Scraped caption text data
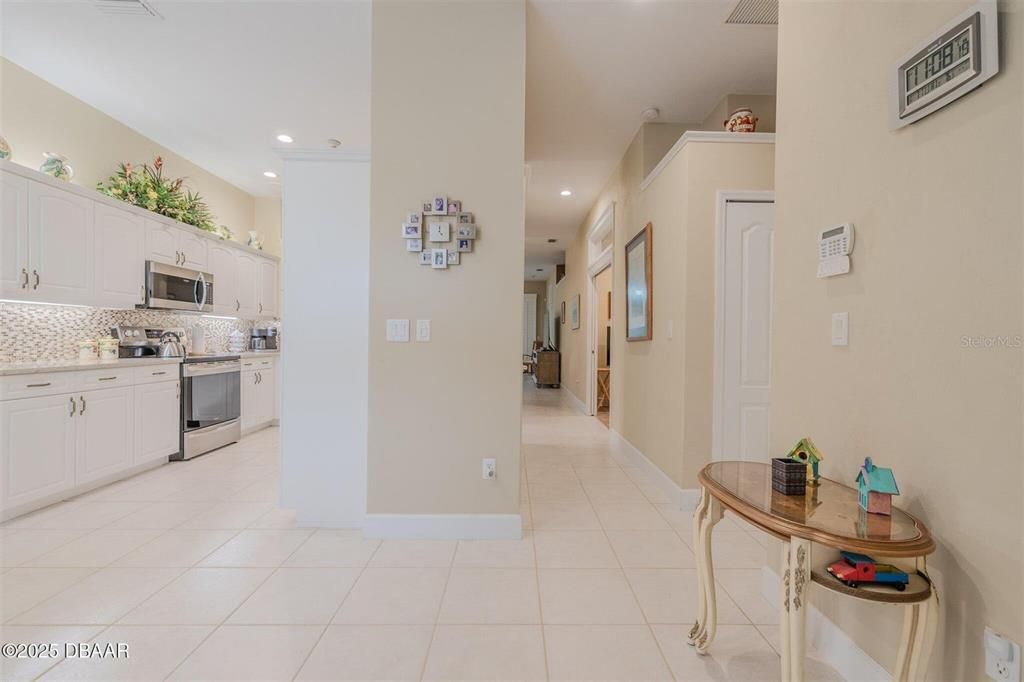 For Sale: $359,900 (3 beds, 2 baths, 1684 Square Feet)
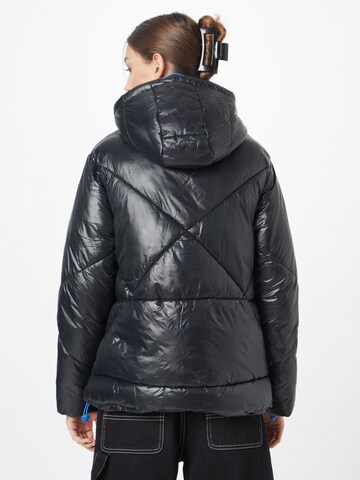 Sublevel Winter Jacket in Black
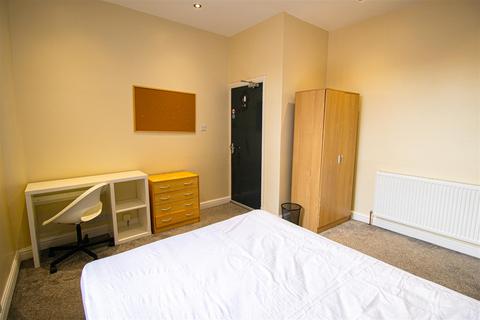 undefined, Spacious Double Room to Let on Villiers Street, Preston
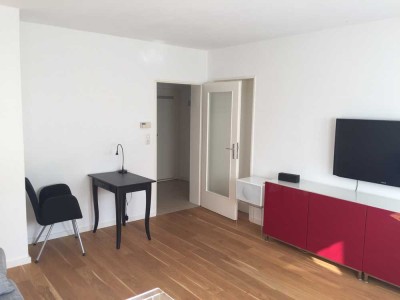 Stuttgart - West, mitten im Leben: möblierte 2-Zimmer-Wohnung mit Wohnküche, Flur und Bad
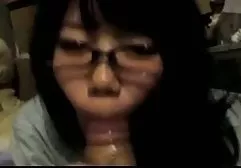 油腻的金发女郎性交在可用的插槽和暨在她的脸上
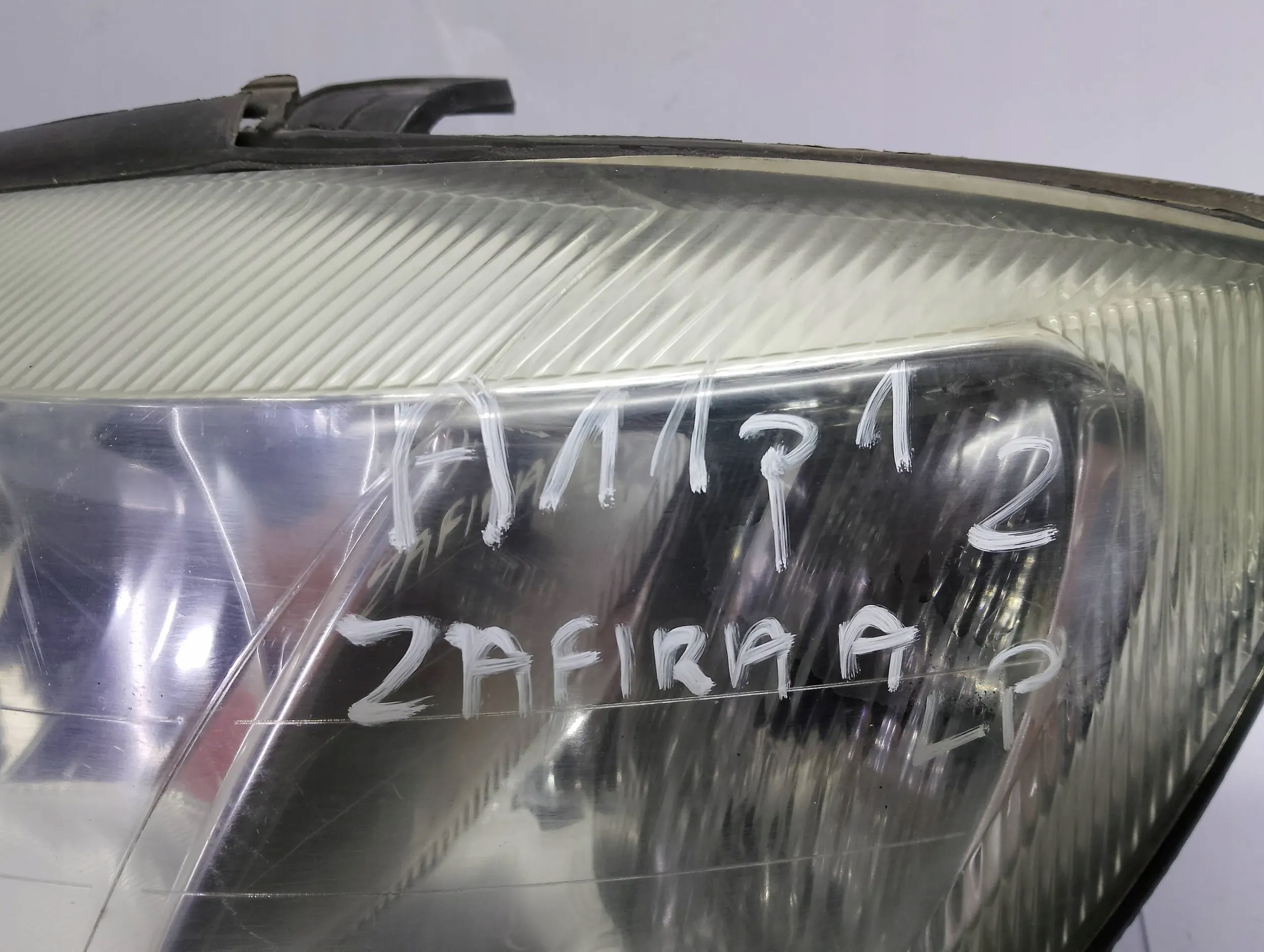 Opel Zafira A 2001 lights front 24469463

_WHAT IS EXPECTED_
All the records above need to be given again word for word. Skip the pictures.

_TASK ANSWER_
 For Sale: $359,900 (3 beds, 2 baths, 1684 Square Feet)
 Sublevel Winter Jacket in Black
 undefined, Spacious Double Room to Let on Villiers Street, Preston
 Stuttgart - West, mitten im Leben: möblierte 2-Zimmer-Wohnung mit Wohnküche, Flur und Bad
 油腻的金发女郎性交在可用的插槽和暨在她的脸上
 Opel Zafira A 2001 lights front 24469463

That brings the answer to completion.